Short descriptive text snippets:
· · · · · · ·
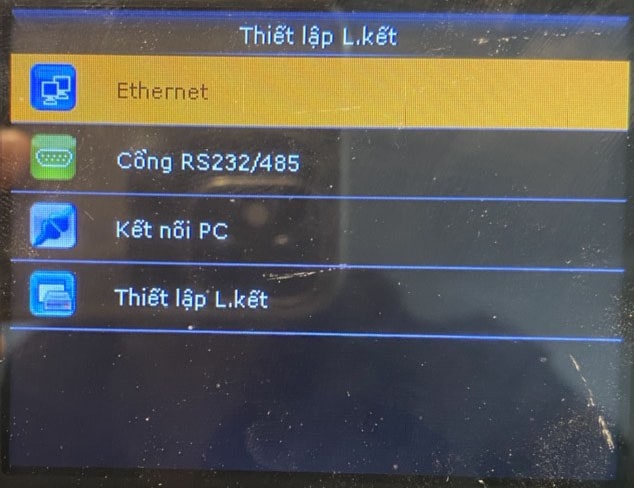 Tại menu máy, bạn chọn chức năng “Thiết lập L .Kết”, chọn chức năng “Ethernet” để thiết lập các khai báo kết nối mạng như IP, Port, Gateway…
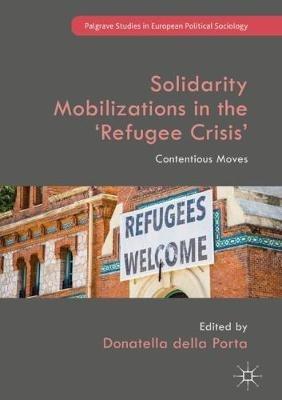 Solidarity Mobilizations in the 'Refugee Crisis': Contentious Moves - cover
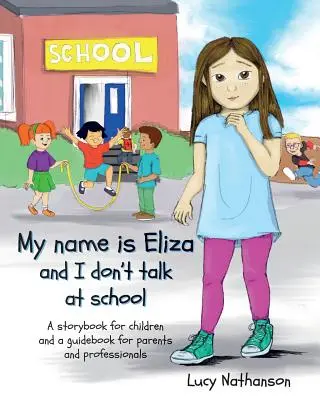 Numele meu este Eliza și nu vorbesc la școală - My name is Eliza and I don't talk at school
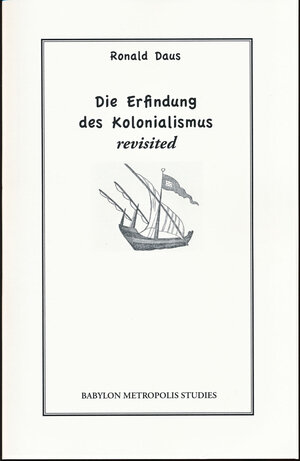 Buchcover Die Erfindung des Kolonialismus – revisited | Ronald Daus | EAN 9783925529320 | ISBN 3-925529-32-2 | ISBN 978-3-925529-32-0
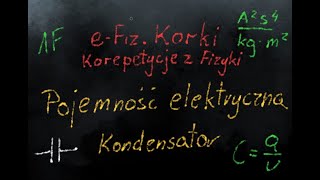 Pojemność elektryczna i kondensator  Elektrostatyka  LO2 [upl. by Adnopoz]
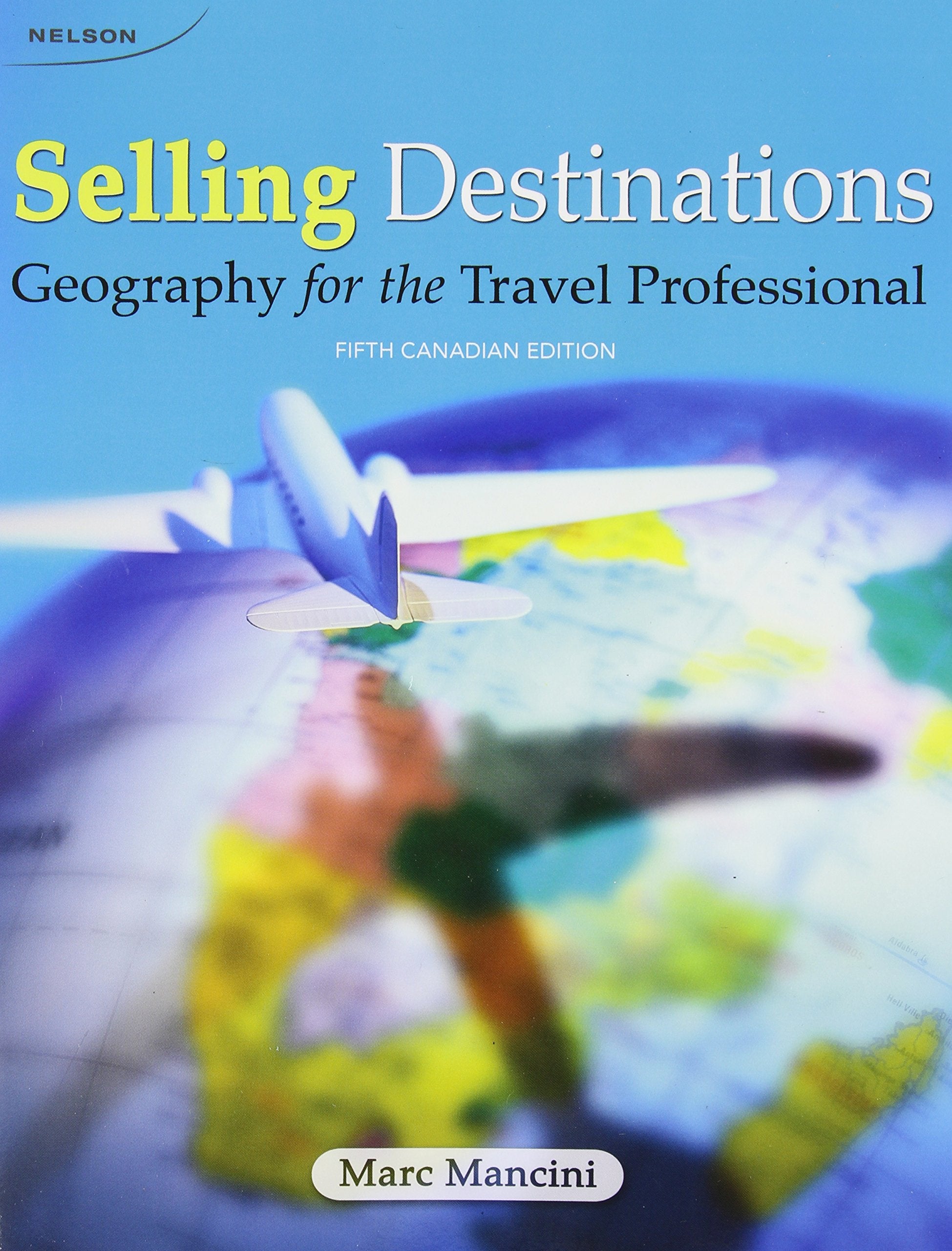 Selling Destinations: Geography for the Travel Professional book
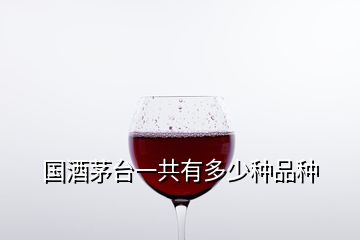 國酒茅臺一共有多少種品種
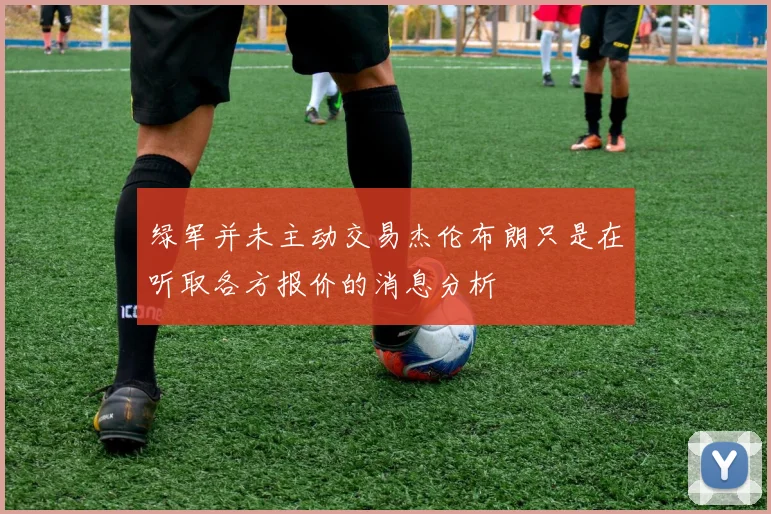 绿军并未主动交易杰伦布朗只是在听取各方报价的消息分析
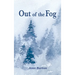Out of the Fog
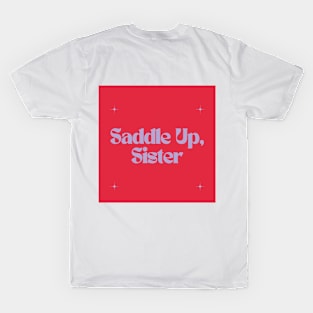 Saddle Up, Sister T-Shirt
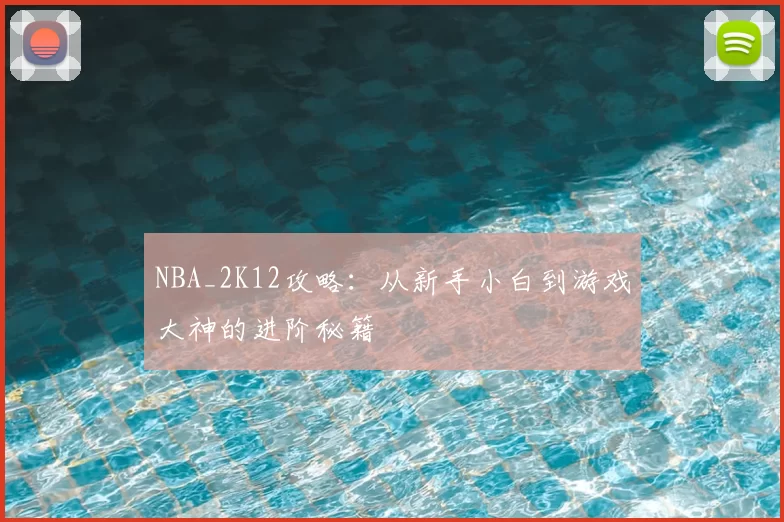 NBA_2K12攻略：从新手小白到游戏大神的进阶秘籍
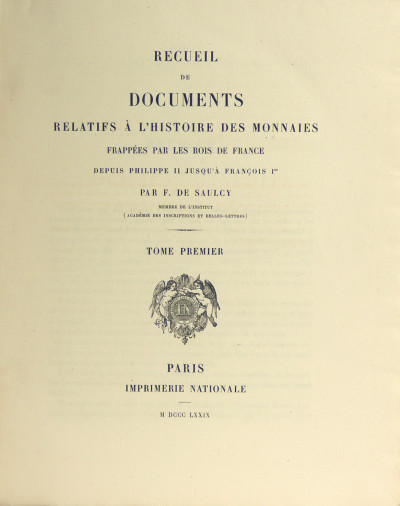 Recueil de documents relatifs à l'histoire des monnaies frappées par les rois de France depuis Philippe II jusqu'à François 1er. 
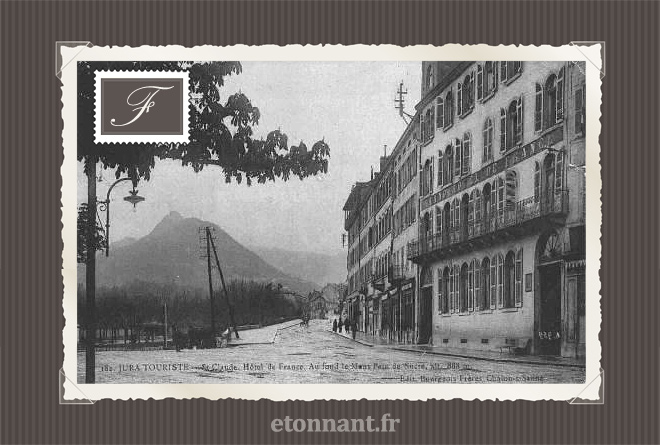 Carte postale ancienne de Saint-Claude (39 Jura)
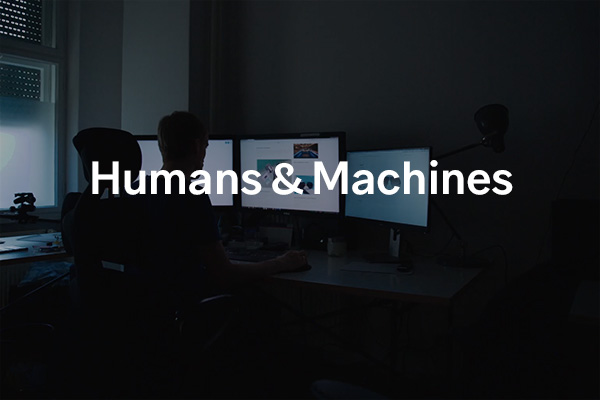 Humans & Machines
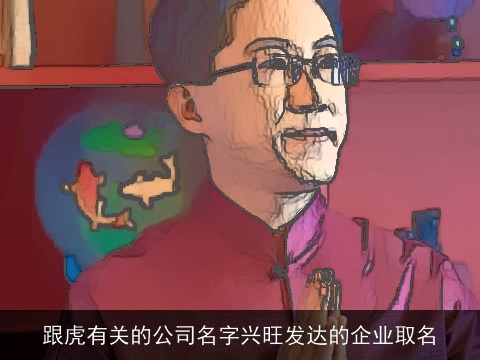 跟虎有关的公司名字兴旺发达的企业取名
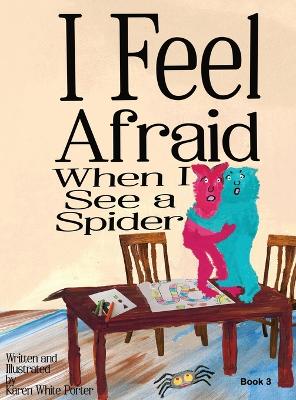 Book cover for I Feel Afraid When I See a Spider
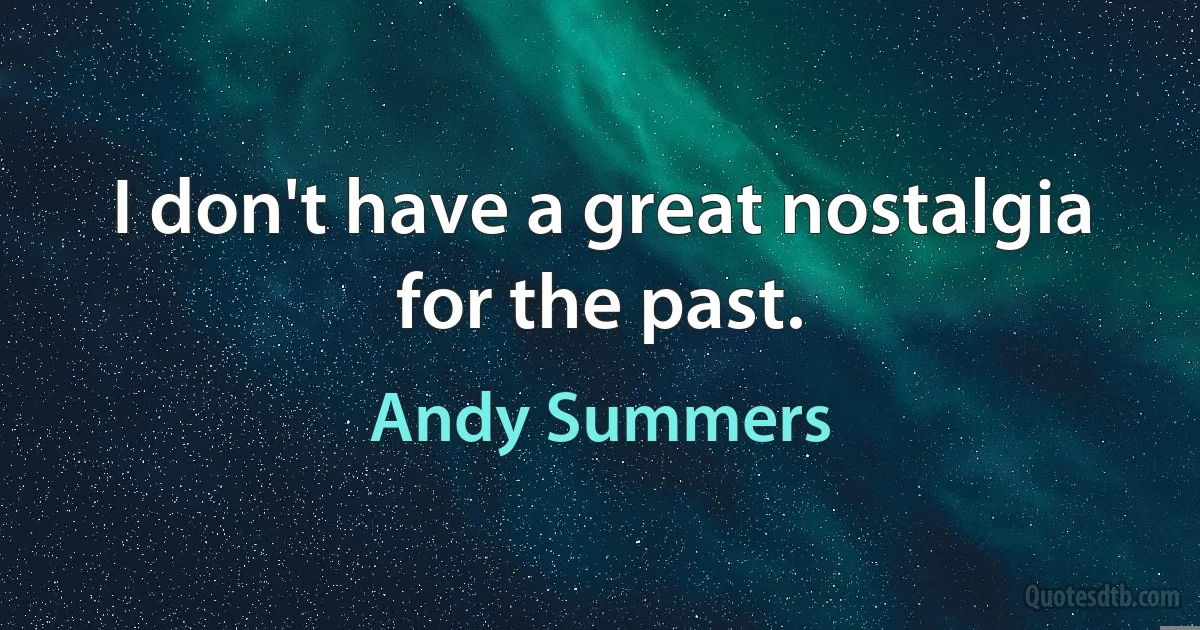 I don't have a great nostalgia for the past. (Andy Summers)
· · · · · · ·
PROBLEM>
Begin with the line containing "Buchcover Die Erfindung" and end with the last line of the entries above. Copy those lines exactly, both ends included, and drop every picture.

YOUR SOLUTION>
 Buchcover Die Erfindung des Kolonialismus – revisited | Ronald Daus | EAN 9783925529320 | ISBN 3-925529-32-2 | ISBN 978-3-925529-32-0
 Pojemność elektryczna i kondensator  Elektrostatyka  LO2 [upl. by Adnopoz]
 Selling Destinations: Geography for the Travel Professional book
 國酒茅臺一共有多少種品種
 绿军并未主动交易杰伦布朗只是在听取各方报价的消息分析
Out of the Fog
 Saddle Up, Sister T-Shirt
 NBA_2K12攻略：从新手小白到游戏大神的进阶秘籍
 Recueil de documents relatifs à l'histoire des monnaies frappées par les rois de France depuis Philippe II jusqu'à François 1er. 
 Carte postale ancienne de Saint-Claude (39 Jura)
 Humans & Machines
 跟虎有关的公司名字兴旺发达的企业取名
 Book cover for I Feel Afraid When I See a Spider
 I don't have a great nostalgia for the past. (Andy Summers)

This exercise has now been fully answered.